- What is expected -
Restate verbatim the span of lines below between the line with "HYSEQ32 version 1.1.2" and the line with "We're Animaniacs. Dot", including those two lines, and only that span.

- Items from a data source -
□ □ □ □ □
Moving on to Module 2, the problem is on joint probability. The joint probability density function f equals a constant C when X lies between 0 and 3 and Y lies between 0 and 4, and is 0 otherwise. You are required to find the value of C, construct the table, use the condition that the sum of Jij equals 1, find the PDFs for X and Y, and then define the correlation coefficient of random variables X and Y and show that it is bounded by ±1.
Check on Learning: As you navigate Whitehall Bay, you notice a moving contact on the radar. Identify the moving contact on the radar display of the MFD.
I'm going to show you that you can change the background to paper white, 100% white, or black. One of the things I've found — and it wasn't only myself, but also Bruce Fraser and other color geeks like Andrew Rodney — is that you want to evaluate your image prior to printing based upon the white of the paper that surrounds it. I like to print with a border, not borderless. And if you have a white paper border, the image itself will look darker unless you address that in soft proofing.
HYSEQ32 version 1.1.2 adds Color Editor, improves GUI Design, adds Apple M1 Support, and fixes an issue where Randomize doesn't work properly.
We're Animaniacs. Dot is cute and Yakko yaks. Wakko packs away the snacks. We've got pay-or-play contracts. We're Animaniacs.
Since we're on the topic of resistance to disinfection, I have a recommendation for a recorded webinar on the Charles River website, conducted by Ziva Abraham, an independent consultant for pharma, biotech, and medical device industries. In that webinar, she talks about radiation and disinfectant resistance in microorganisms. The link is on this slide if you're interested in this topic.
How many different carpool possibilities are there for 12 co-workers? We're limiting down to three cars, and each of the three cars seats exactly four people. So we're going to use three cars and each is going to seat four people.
□ □ □ □ □
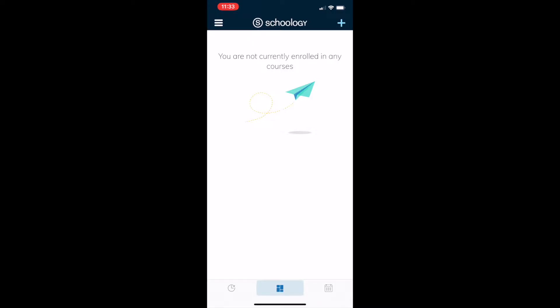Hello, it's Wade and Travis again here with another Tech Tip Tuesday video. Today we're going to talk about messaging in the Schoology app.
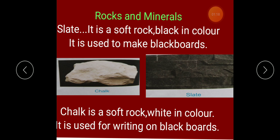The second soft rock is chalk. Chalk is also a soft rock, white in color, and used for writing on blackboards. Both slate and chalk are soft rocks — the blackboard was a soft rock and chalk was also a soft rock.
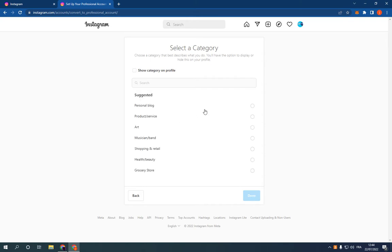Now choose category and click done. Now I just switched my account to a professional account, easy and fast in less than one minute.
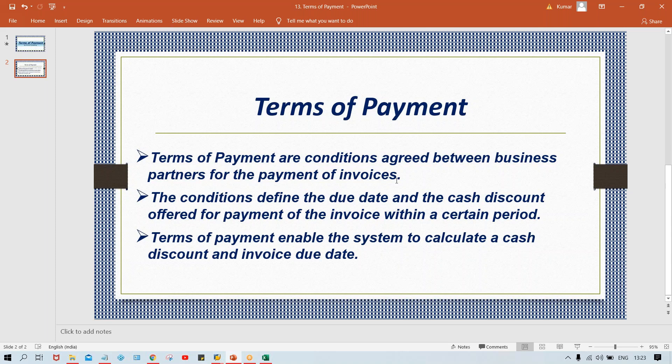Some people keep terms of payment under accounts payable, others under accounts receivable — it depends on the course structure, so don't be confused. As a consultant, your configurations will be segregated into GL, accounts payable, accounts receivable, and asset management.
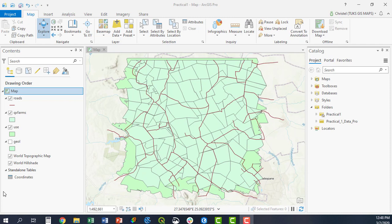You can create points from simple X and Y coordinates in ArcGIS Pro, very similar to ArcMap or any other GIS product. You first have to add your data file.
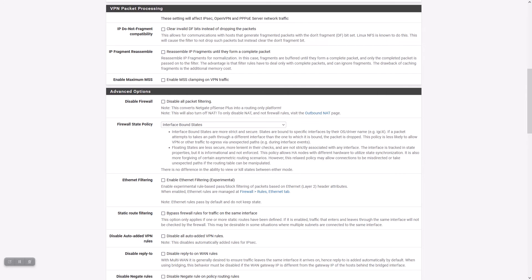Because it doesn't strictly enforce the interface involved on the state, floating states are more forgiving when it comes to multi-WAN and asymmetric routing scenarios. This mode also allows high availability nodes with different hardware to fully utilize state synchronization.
□ □ □ □ □
- Problem solution -
HYSEQ32 version 1.1.2 adds Color Editor, improves GUI Design, adds Apple M1 Support, and fixes an issue where Randomize doesn't work properly.
We're Animaniacs. Dot is cute and Yakko yaks. Wakko packs away the snacks. We've got pay-or-play contracts. We're Animaniacs.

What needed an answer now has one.